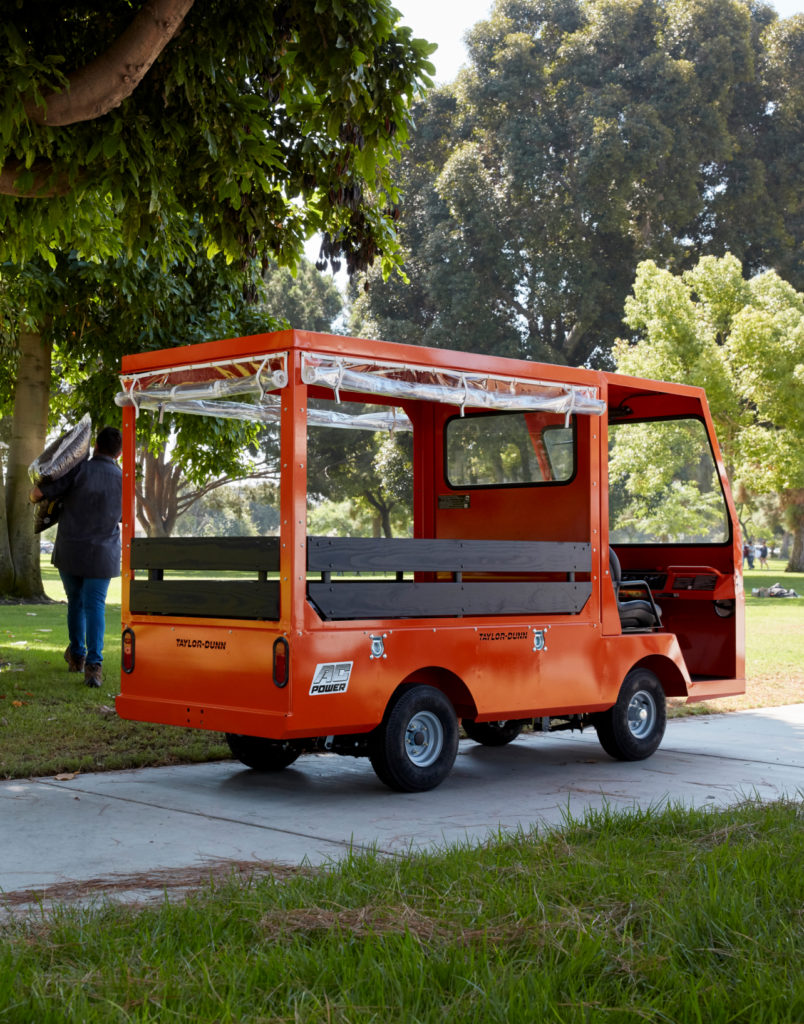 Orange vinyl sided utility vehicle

______

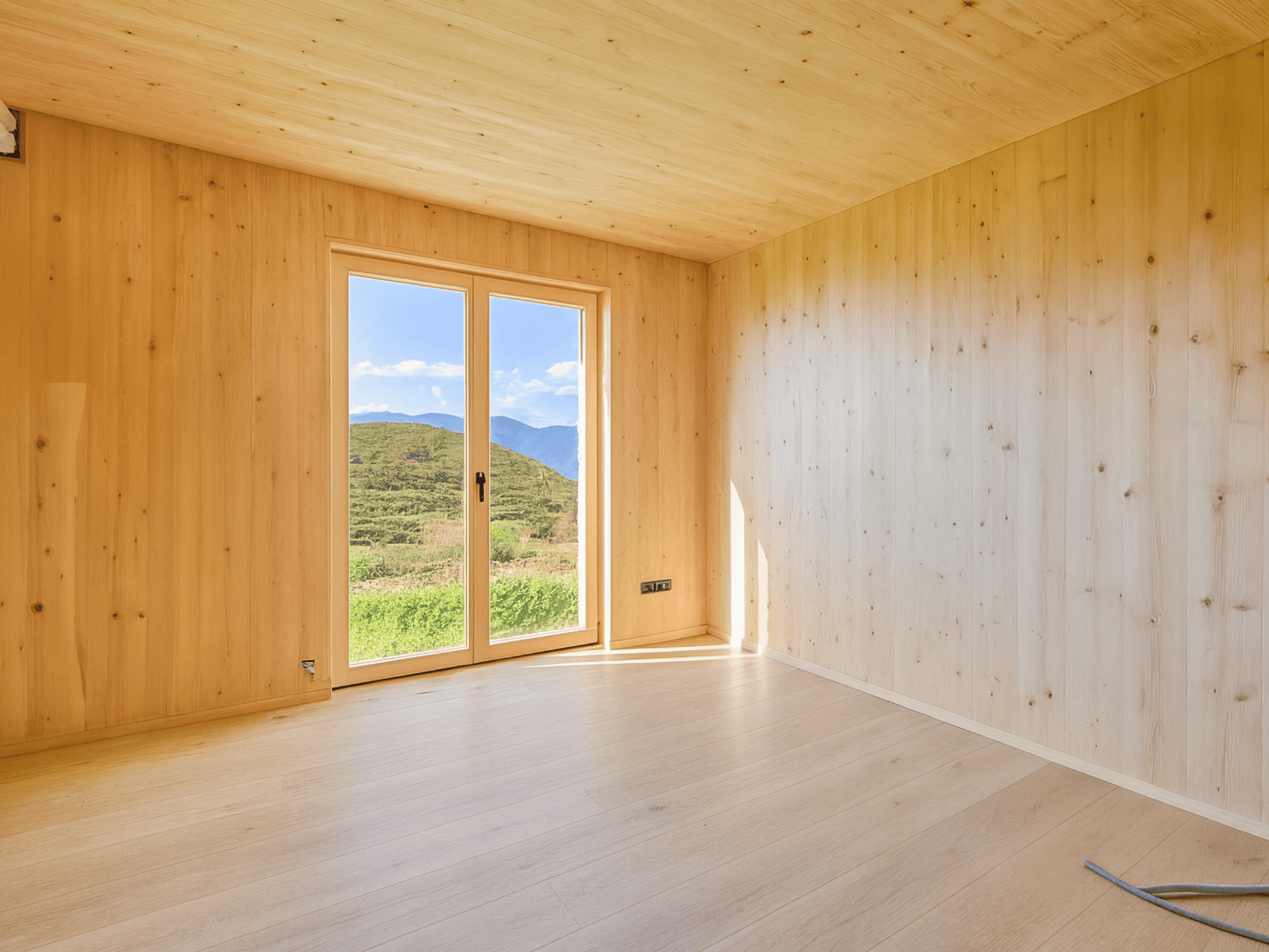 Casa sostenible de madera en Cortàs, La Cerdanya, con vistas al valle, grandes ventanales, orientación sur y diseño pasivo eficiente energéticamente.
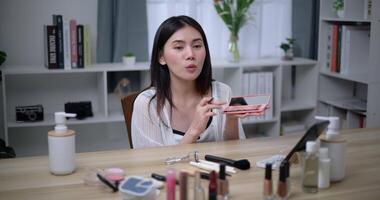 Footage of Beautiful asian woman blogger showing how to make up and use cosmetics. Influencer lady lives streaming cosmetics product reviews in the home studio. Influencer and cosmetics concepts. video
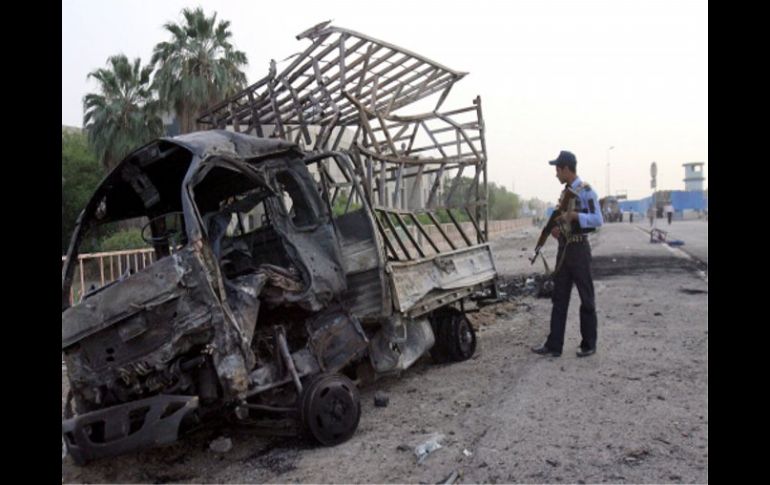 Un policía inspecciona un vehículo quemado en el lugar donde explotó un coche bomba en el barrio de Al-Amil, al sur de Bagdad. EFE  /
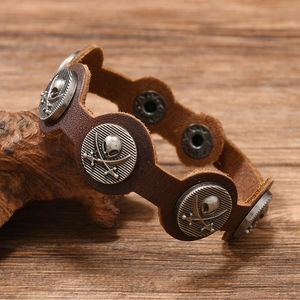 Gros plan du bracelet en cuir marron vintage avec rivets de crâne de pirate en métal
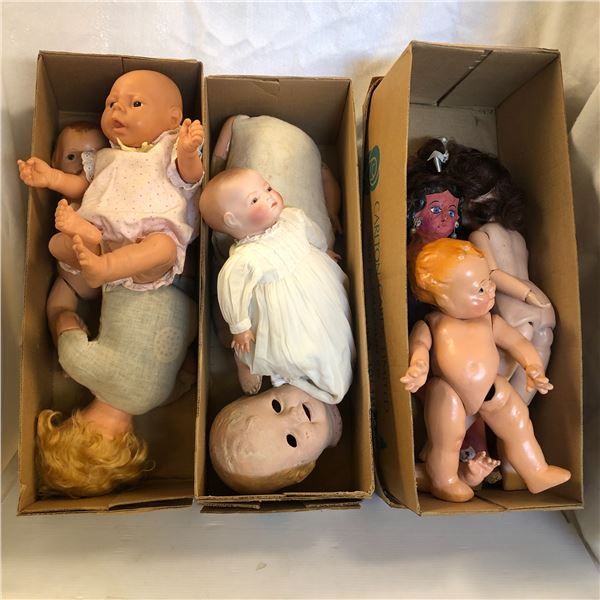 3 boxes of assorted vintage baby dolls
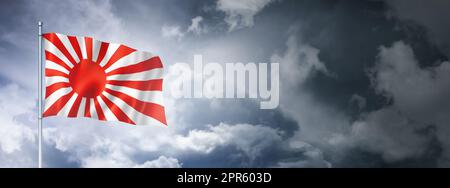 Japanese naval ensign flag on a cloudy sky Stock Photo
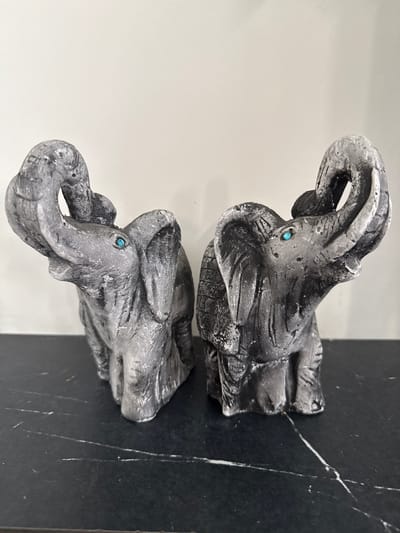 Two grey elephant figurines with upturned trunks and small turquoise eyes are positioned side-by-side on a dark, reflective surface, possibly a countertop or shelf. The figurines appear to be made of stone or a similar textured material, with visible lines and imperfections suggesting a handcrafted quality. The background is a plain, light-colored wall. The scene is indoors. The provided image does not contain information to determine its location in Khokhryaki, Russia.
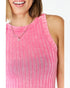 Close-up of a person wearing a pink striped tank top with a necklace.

______

REQUIRED ACTION: Above are the records; copy from them only the lines starting at the one containing "Japanese naval ensign" and ending at the one containing "Close-up of a", exactly and without pictures.

EXERCISE RESPONSE:
 Japanese naval ensign flag on a cloudy sky Stock Photo
 Two grey elephant figurines with upturned trunks and small turquoise eyes are positioned side-by-side on a dark, reflective surface, possibly a countertop or shelf. The figurines appear to be made of stone or a similar textured material, with visible lines and imperfections suggesting a handcrafted quality. The background is a plain, light-colored wall. The scene is indoors. The provided image does not contain information to determine its location in Khokhryaki, Russia.
 Close-up of a person wearing a pink striped tank top with a necklace.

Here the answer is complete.